In some sense, your question is similar to a question that might have been asked 100 years ago. Horses can bring the milkman's milk from house to house perfectly well with no new expensive motorized trucks. So why not? Why would we switch to trucks? And certainly for some while, horses did continue to be used for many hauling and transportation tasks, but ultimately motorized vehicles became the preferred technology for 99.99999% of transportation needs.

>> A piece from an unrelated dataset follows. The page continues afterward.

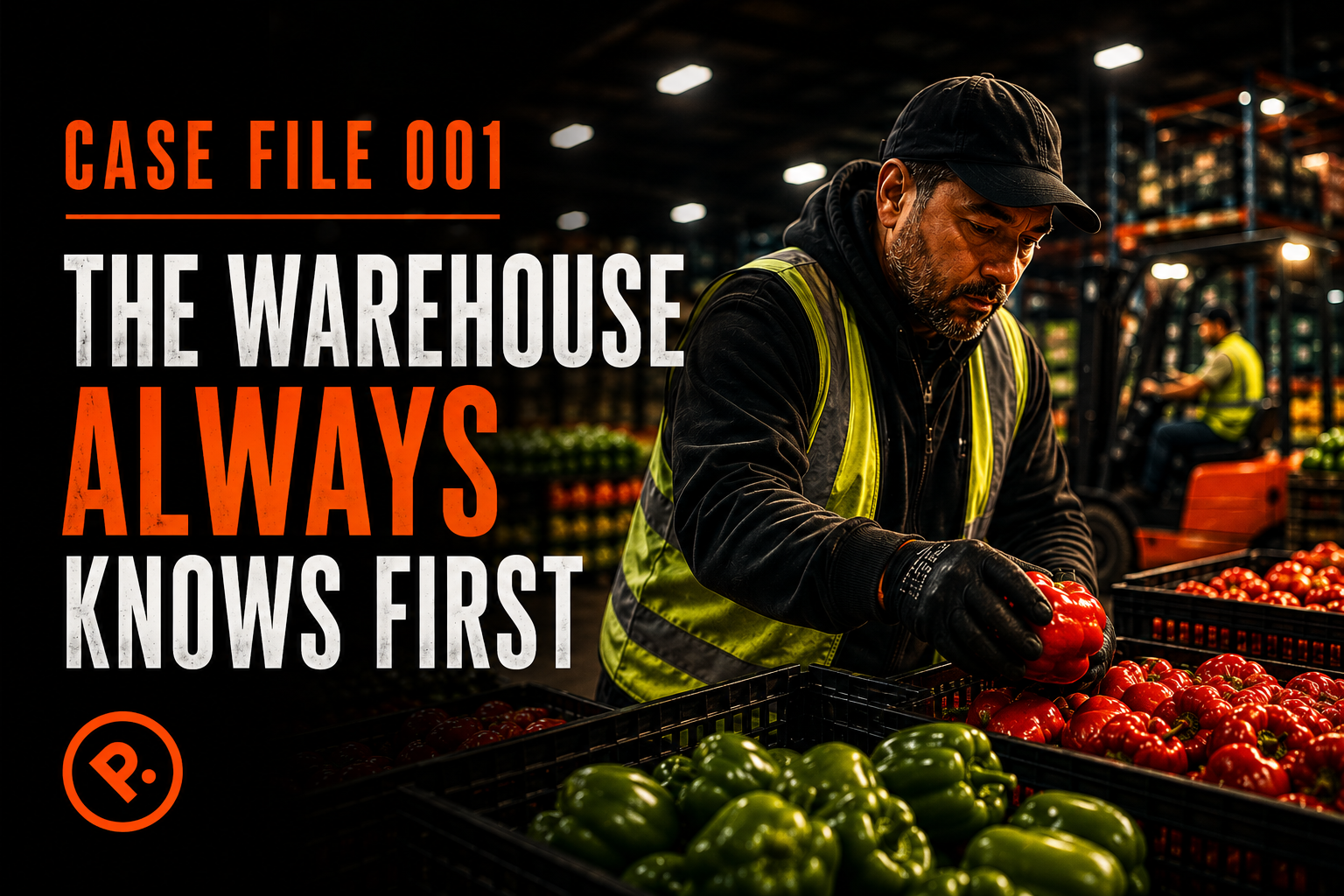 Case File 001: The Day the Warehouse Always Knows First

And it will be like that with AI. A detailed study could attempt to predict how long it will take AI to spread through the economy, taking over the jobs it will take over. But without doing that study, I feel pretty comfortable saying it will be years to decades in the US, and possibly 100 years for the planet as a whole. The extremely large computing centers needed to train AI will limit early AI deployment only to the most valuable tasks. I don't know what those will be, but safe to say "AI assistants" and "AI Driving" will be early applications, based on the fact that those two are already well along the path of development. General purpose, probably humanoid robots will likely be relatively early, but likely at least a year away before we see any seriously commercial deployment of these. But then realizing that literally billions of these robots would have to be built before they are used for the lowest valued jobs done by humans, and how many robot factories have to be built to accomplish that, and how long does that buildout take? Some idea of the answer to that: Tesla has been mass producing cars since 2013, and has currently reached only 3 million cars on the road, after 11 years. Even at 25% growth per year, it would take another 25 years to get to 1 billion cars. So many billions of robots serving man could easily take 30 years or more.

But the days of writing large complex software without using AI to do most of that work are essentially already over. As soon as someone figures out some improvements they want to make to the processing of X-rays, this will NOT be done by improving the already existing codebase by hand, but rather the existing codebase will help produce a part of the traning set for an AI implementation. And the AI implementation will handle corner-cases better than the hand=programmed version.